Lines from the one holding "The image is" through the end of the entries, inclusive, form the whole output; reproduce them exactly and omit pictures.

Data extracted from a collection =
###
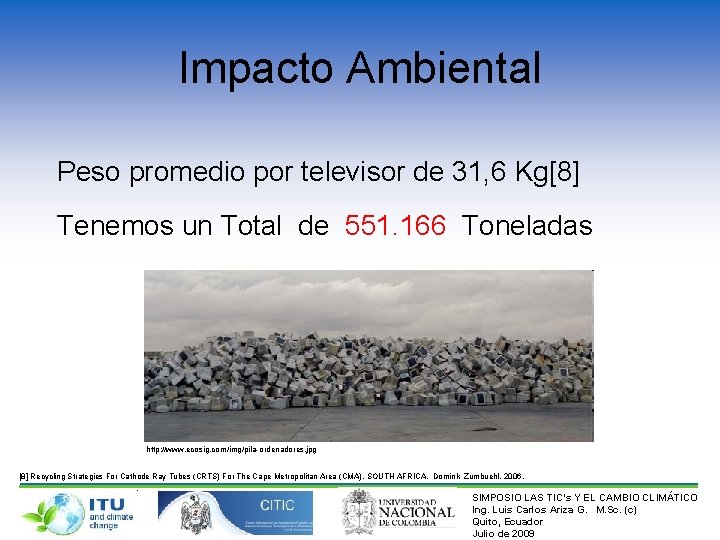 Impacto Ambiental Peso promedio por televisor de 31, 6 Kg[8] Tenemos un Total de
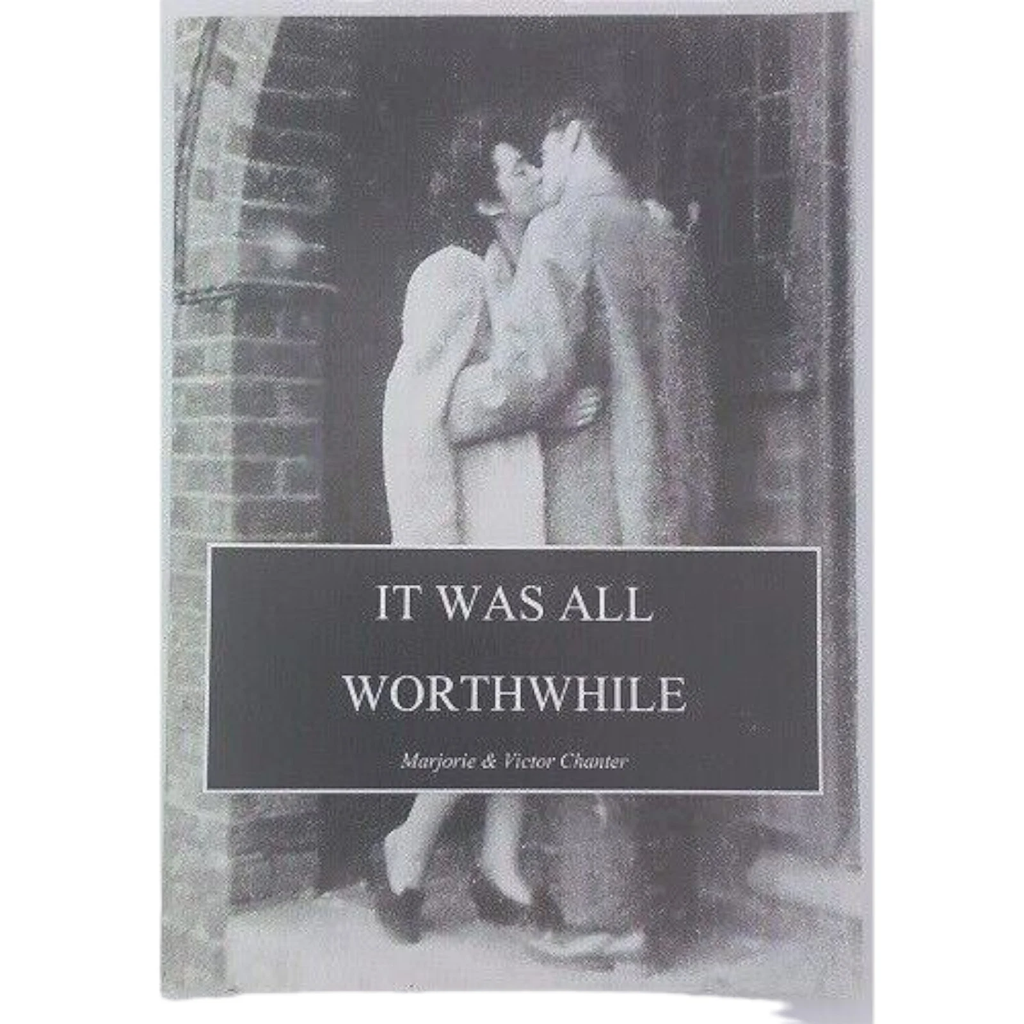 It Was All Worthwhile Paperback Book Marjorie and Victor Chanter True Story War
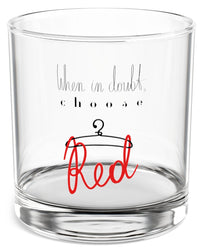 When in Doubt Rocks Glass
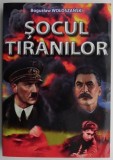 Cumpara ieftin Socul Tiranilor - Boguslaw Woloszanski - Carte Istorie Noua/Anticariat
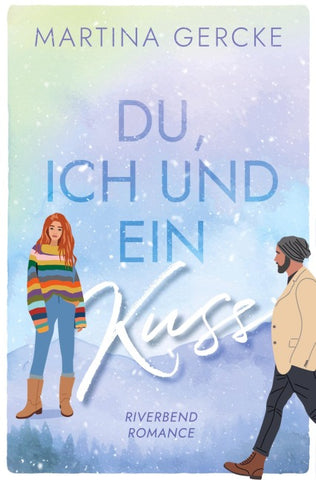 Du, ich und ein Kuss
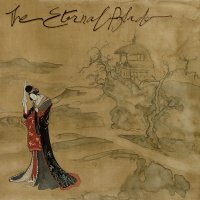 The Eternal Blade - The Eternal Blade (2005)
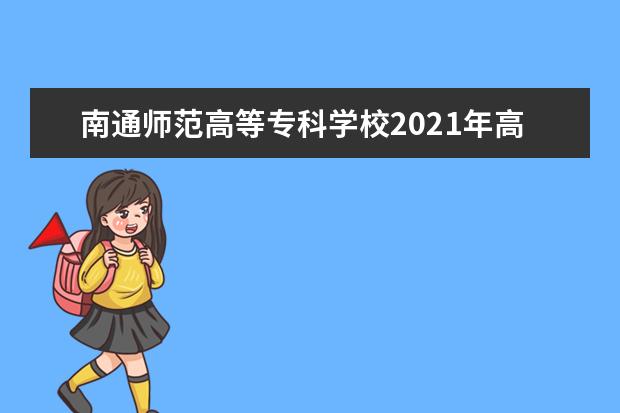 南通师范高等专科学校2021年高招招生章程  好不好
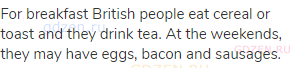 For breakfast British people eat cereal or toast and they drink tea. At the weekends, they may have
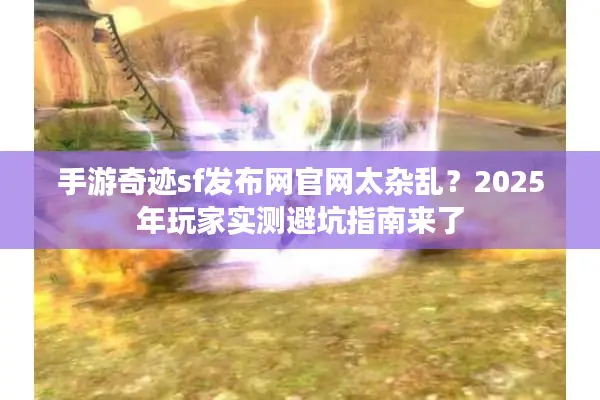 手游奇迹sf发布网官网太杂乱？2025年玩家实测避坑指南来了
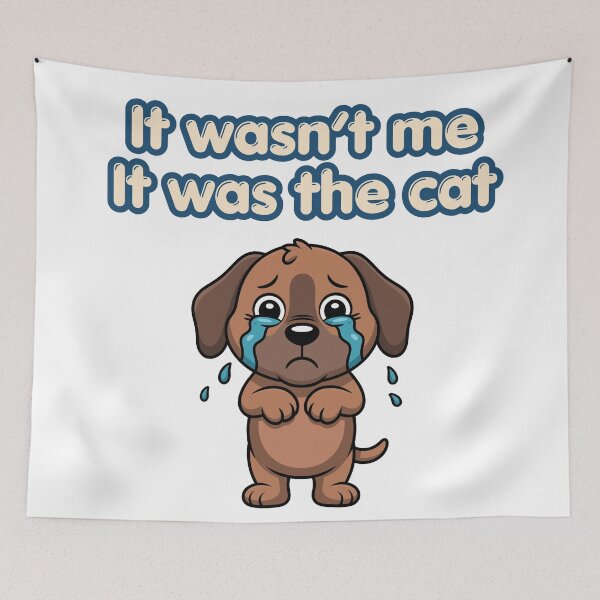 Item preview, Guilty Dog Funny Quote, it wasn't me it was the cat designed and sold by mysakura.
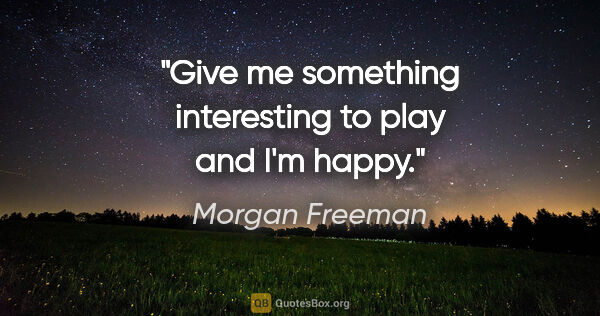 Morgan Freeman quote: "Give me something interesting to play and I'm happy."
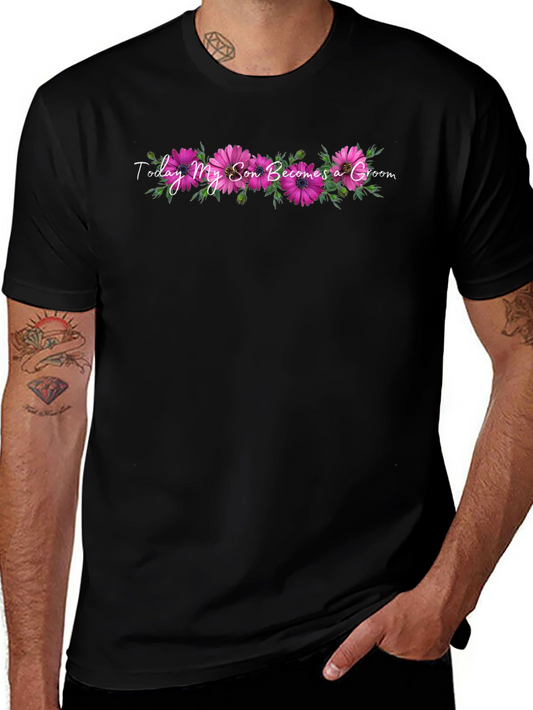 Today My Son Becomes a Groom Floral T-Shirt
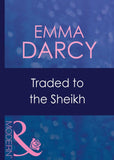 Traded To The Sheikh (Surrender to the Sheikh, Book 1) (Mills & Boon Modern) by Emma Darcy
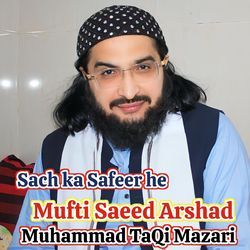 Sach Ka Safeer He Mufti Saeed Arshad-GScgCBF4UFI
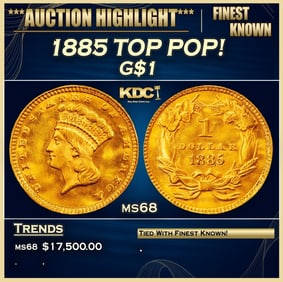 1885 Gold Dollar TOP POP! $1 ms68 SEGS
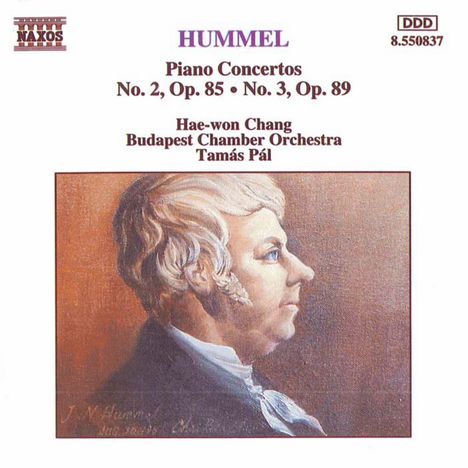 Johann Nepomuk Hummel (1778-1837): Klavierkonzerte op.85 &amp; op.89, CD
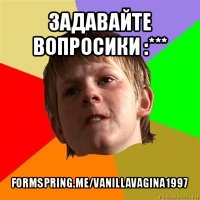 задавайте вопросики :*** formspring.me/vanillavagina1997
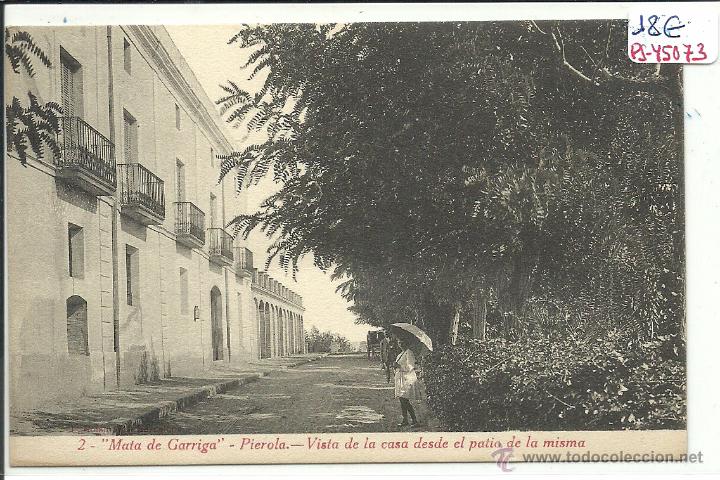 Postcards: (PS-45073)POSTAL DE PIEROLA-MATA DE GARRIGA.VISTA DE LA CASA DESDE EL PATIO DE LA MISMA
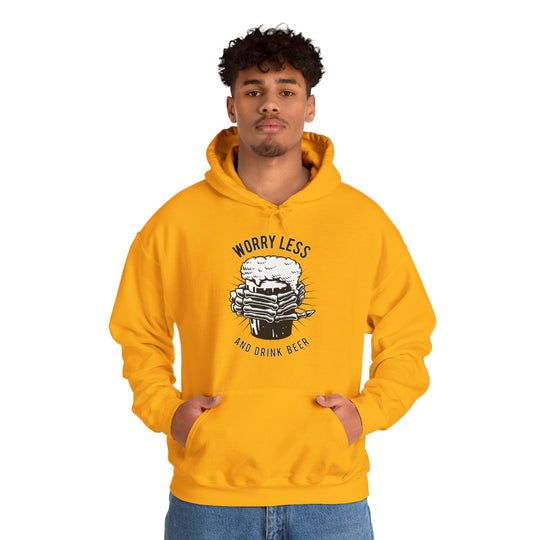 Worry Less and Drink Beer Hooded Sweatshirt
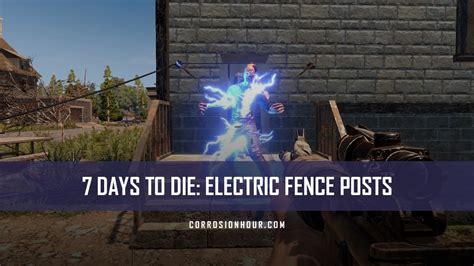 7 Days to Die: Electric Fence Posts (How to Craft, Set Up & Use)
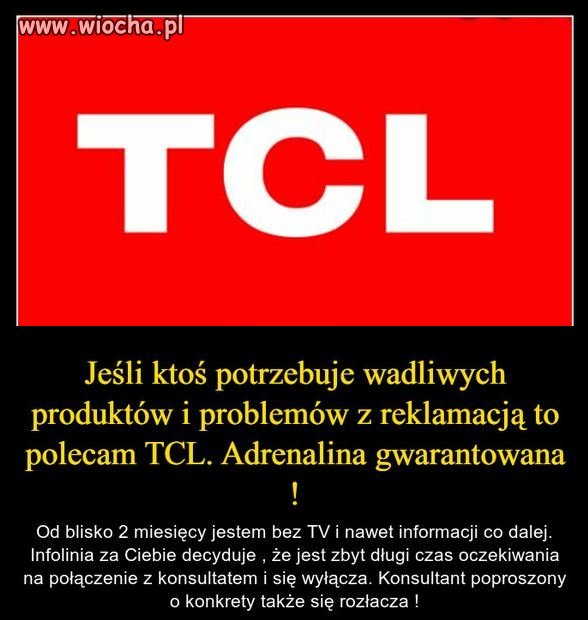 TCL to naprawdę wiocha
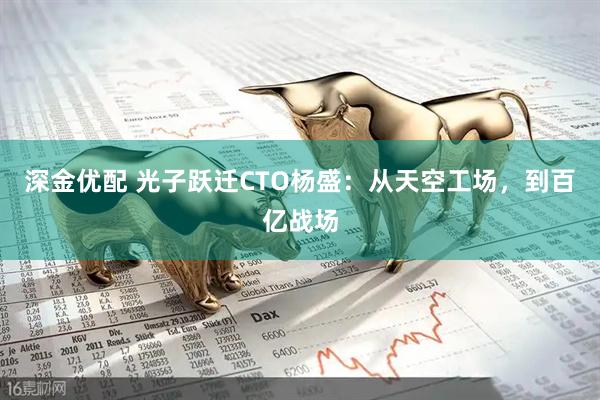 深金优配 光子跃迁CTO杨盛：从天空工场，到百亿战场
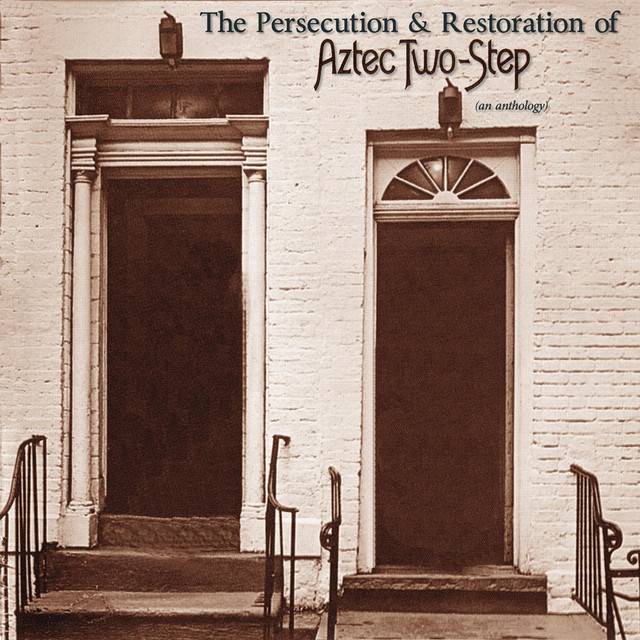The Persecution & Restoration of Aztec Two-Step - An Anthology album cover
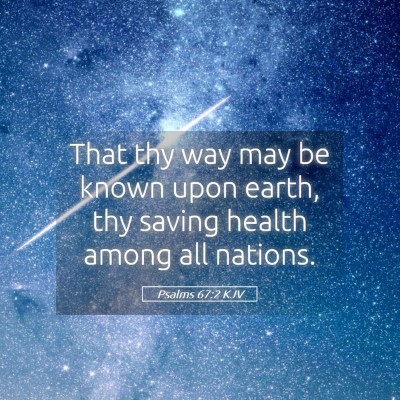 Picture 05 - Psalms 67:2 KJV - That thy way may be known upon earth, thy saving - Bible Verse Picture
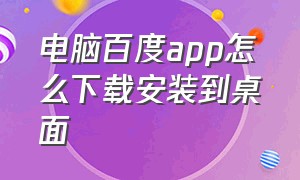 电脑百度app怎么下载安装到桌面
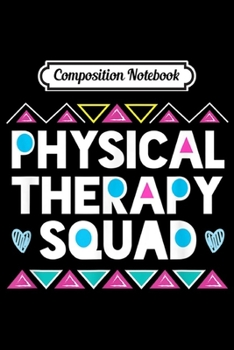 Composition Notebook: Physical Therapist Best Physical Therapist Ever Journal/Notebook Blank Lined Ruled 6x9 100 Pages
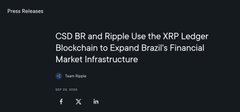 The image is a press release headline stating "CSD BR and Ripple Use the XRP Ledger Blockchain to Expand Brazil's Financial Market Infrastructure," dated July 23, 2024. This relates to the post by Team Rypto as it highlights a real-world example of Ripple's XRP Ledger being integrated into Brazil's regulated financial infrastructure by Central Securities Depository Brazil (CSD BR), supporting the post's claim that XRP Ledger is moving into the plumbing of traditional finance.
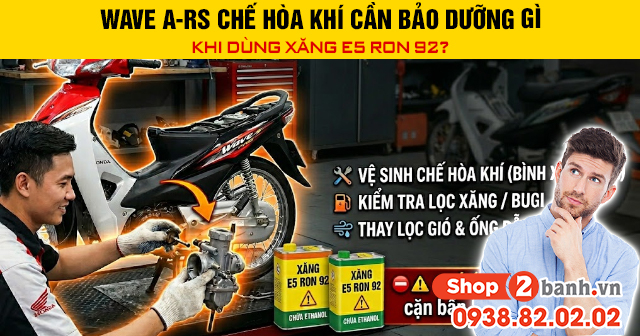 Wave a-rs chế hòa khí cần bảo dưỡng gì khi dùng xăng e5 ron 92 - 1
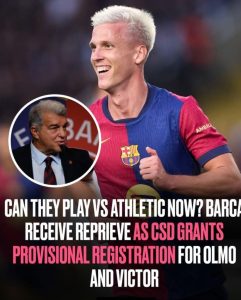 Barca receive reprieve as CSD grants provisional registration for Olmo and Victor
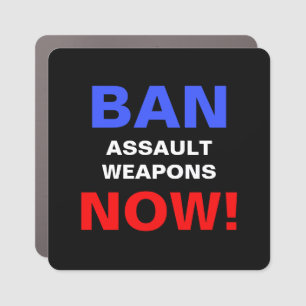 Ban Assault Weapons Now! Anti Gun Protest Car Magnet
###
Answer space =
 The image is a press release headline stating "CSD BR and Ripple Use the XRP Ledger Blockchain to Expand Brazil's Financial Market Infrastructure," dated July 23, 2024. This relates to the post by Team Rypto as it highlights a real-world example of Ripple's XRP Ledger being integrated into Brazil's regulated financial infrastructure by Central Securities Depository Brazil (CSD BR), supporting the post's claim that XRP Ledger is moving into the plumbing of traditional finance.
 Wave a-rs chế hòa khí cần bảo dưỡng gì khi dùng xăng e5 ron 92 - 1
 Barca receive reprieve as CSD grants provisional registration for Olmo and Victor
 Ban Assault Weapons Now! Anti Gun Protest Car Magnet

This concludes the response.